DATASET EXCERPT:
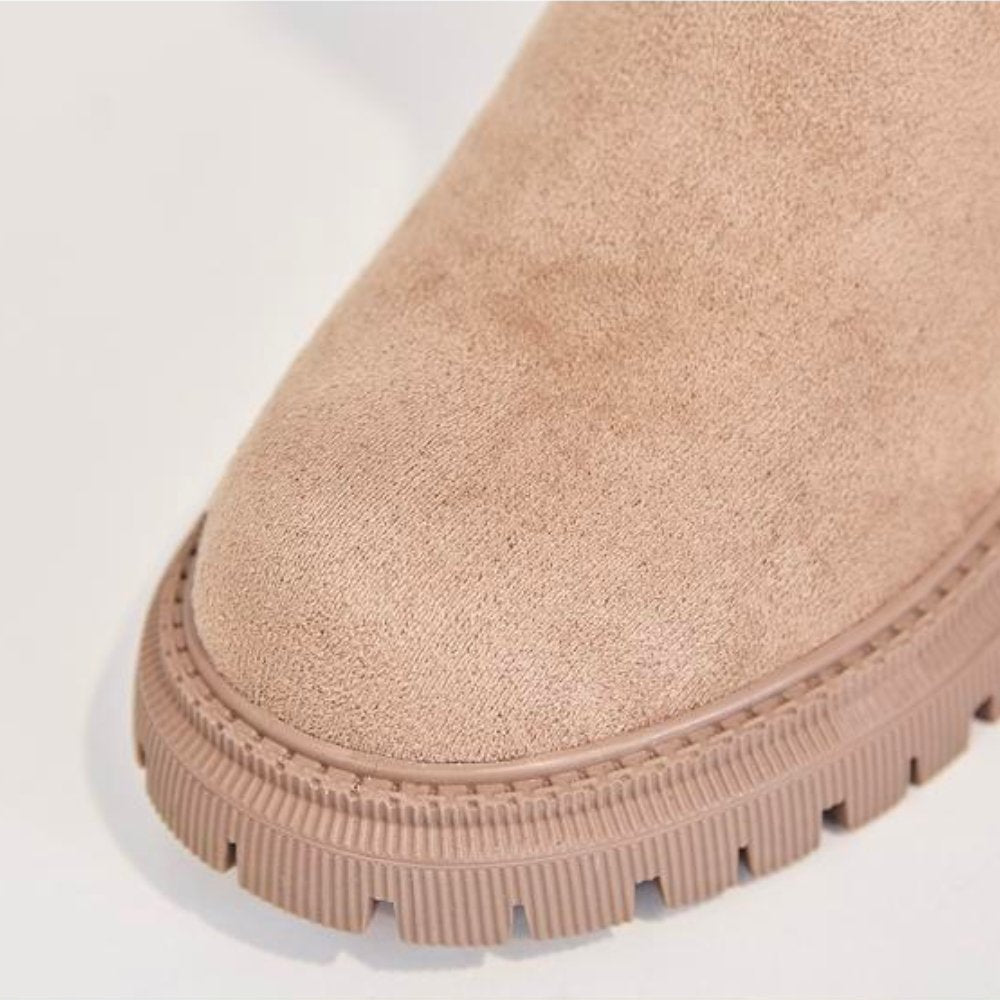 Beiger Wildlederstiefel, rutschfeste Sohle, warm, bequem, Damenmode, Winterstiefel.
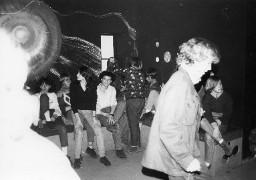 Veranstaltung "Canasta" - "Sihlquai-Träff" (März 1982) - Jugendliche beim Tanzen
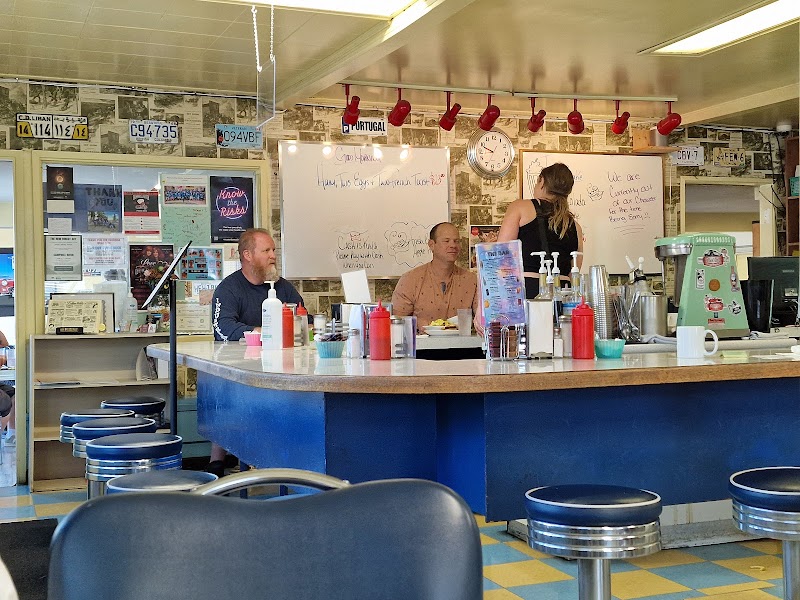 Ideal Cafe photo 2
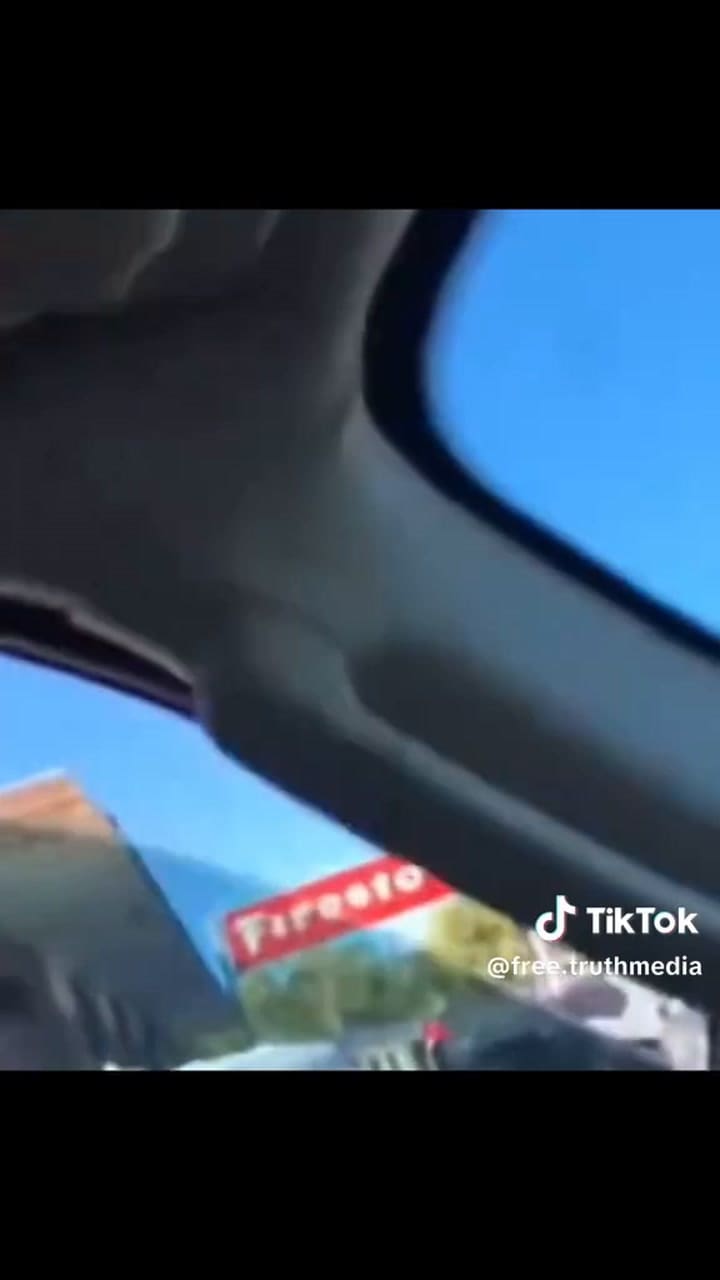 El video grabado por Maya England muestra la tensión de un arresto del ICE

WHAT NEEDS TO BE DONE:
An exact repeat of the listing above, pictures excluded, is the answer.

REPLY TO THE EXERCISE:
 Beiger Wildlederstiefel, rutschfeste Sohle, warm, bequem, Damenmode, Winterstiefel.
 Veranstaltung "Canasta" - "Sihlquai-Träff" (März 1982) - Jugendliche beim Tanzen
 Ideal Cafe photo 2
 El video grabado por Maya England muestra la tensión de un arresto del ICE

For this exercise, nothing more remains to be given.